TASK OBJECTIVE » Show all lines from the listing below that contain "Image".

PROVIDED MATERIAL »
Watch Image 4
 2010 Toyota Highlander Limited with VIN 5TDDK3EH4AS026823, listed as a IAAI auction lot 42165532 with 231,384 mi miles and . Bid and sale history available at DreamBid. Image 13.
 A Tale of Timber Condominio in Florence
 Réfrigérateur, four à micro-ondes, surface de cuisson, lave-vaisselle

WRITTEN SOLUTION »
Watch Image 4
 2010 Toyota Highlander Limited with VIN 5TDDK3EH4AS026823, listed as a IAAI auction lot 42165532 with 231,384 mi miles and . Bid and sale history available at DreamBid. Image 13.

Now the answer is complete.